Activity
Given the entries that follow, write out exactly the lines starting at the one containing "Monster Labubu Ramen" and ending at the one containing "Men Wide Walking", both ends included, and only those.

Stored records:
════════════════════

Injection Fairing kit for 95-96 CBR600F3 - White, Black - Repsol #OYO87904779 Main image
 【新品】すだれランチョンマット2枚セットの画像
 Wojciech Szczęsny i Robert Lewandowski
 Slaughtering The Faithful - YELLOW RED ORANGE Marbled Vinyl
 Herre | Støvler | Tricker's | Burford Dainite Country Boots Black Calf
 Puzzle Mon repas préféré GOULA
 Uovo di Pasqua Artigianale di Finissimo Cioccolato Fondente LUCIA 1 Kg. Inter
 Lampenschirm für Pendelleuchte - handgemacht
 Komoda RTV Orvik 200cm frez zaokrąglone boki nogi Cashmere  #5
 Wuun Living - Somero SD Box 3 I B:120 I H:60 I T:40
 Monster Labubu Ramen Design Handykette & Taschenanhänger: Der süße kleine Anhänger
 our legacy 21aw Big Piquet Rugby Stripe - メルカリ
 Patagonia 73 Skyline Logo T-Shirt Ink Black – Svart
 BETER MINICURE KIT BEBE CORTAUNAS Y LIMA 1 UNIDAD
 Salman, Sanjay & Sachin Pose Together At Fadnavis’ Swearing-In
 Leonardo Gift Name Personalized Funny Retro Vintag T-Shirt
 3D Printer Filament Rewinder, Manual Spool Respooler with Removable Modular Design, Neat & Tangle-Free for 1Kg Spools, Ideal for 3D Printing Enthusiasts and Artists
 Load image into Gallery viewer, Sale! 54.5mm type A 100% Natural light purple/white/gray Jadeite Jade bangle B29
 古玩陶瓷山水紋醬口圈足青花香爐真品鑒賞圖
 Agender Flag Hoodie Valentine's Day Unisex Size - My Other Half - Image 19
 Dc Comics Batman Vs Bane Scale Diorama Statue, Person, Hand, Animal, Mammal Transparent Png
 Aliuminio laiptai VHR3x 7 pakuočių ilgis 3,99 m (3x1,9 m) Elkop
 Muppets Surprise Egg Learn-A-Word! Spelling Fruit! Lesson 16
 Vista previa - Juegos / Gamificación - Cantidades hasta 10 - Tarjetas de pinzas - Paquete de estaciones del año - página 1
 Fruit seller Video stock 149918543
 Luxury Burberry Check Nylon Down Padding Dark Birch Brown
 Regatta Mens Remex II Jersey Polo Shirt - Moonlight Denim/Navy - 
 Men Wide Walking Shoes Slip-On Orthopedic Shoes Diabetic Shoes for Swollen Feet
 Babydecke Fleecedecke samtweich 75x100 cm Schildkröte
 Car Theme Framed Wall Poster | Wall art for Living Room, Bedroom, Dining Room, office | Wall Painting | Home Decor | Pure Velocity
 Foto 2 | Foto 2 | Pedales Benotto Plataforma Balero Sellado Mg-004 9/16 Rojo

════════════════════

Worked solution
 Monster Labubu Ramen Design Handykette & Taschenanhänger: Der süße kleine Anhänger
 our legacy 21aw Big Piquet Rugby Stripe - メルカリ
 Patagonia 73 Skyline Logo T-Shirt Ink Black – Svart
 BETER MINICURE KIT BEBE CORTAUNAS Y LIMA 1 UNIDAD
 Salman, Sanjay & Sachin Pose Together At Fadnavis’ Swearing-In
 Leonardo Gift Name Personalized Funny Retro Vintag T-Shirt
 3D Printer Filament Rewinder, Manual Spool Respooler with Removable Modular Design, Neat & Tangle-Free for 1Kg Spools, Ideal for 3D Printing Enthusiasts and Artists
 Load image into Gallery viewer, Sale! 54.5mm type A 100% Natural light purple/white/gray Jadeite Jade bangle B29
 古玩陶瓷山水紋醬口圈足青花香爐真品鑒賞圖
 Agender Flag Hoodie Valentine's Day Unisex Size - My Other Half - Image 19
 Dc Comics Batman Vs Bane Scale Diorama Statue, Person, Hand, Animal, Mammal Transparent Png
 Aliuminio laiptai VHR3x 7 pakuočių ilgis 3,99 m (3x1,9 m) Elkop
 Muppets Surprise Egg Learn-A-Word! Spelling Fruit! Lesson 16
 Vista previa - Juegos / Gamificación - Cantidades hasta 10 - Tarjetas de pinzas - Paquete de estaciones del año - página 1
 Fruit seller Video stock 149918543
 Luxury Burberry Check Nylon Down Padding Dark Birch Brown
 Regatta Mens Remex II Jersey Polo Shirt - Moonlight Denim/Navy - 
 Men Wide Walking Shoes Slip-On Orthopedic Shoes Diabetic Shoes for Swollen Feet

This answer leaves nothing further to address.